I would add that the comma is less the issue than that Scalia’s interpretation is hopelessly forced. Scalia persuasively argued that in the late 18th century, “bear arms” referred to using weapons in various ways, not just in a militia. But it still leaves a crucial question: Why would the Founders bring up one type of gun ownership — when serving in a militia — if they wanted to approve all kinds of gun ownership? If they wanted to preface their proclamation, as Scalia claimed, they could have mentioned not only serving in a militia, but self-defense and hunting.

Under Scalia’s analysis, the following sentence would pass muster: “Basketball, aiding in health, sports, shall be encouraged.” Such a sentence is beyond clumsy.

It insults the Founders to suppose that this sort of convolution was the best they could do when adjudicating something of such gravity.
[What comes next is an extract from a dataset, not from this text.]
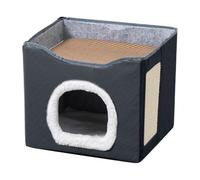 Sulxyi Cat Bed Cave, Foldable And Portable, 40x34x33cm, Garden Yard Pet Shelter, Soft Plush Cat Shelter, Semi-enclosed Design, For Porches, Balconies, Gardens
It comes down to this: “Officials, being prone to partisan bias, Supreme Court justices, should interpret language according to what is most intuitive.”
If 'The People' were not allowed to bear arms, a militia would not be possible. Remember, a militia is not part of a regular army. The government has no control over a militia. Also a militia is the whole body of the physically fit civilians in the country. Sans any deployment of an organized government army, citizen civilians have the right to protect themselves with guns because by the time you call the government you could already be dead.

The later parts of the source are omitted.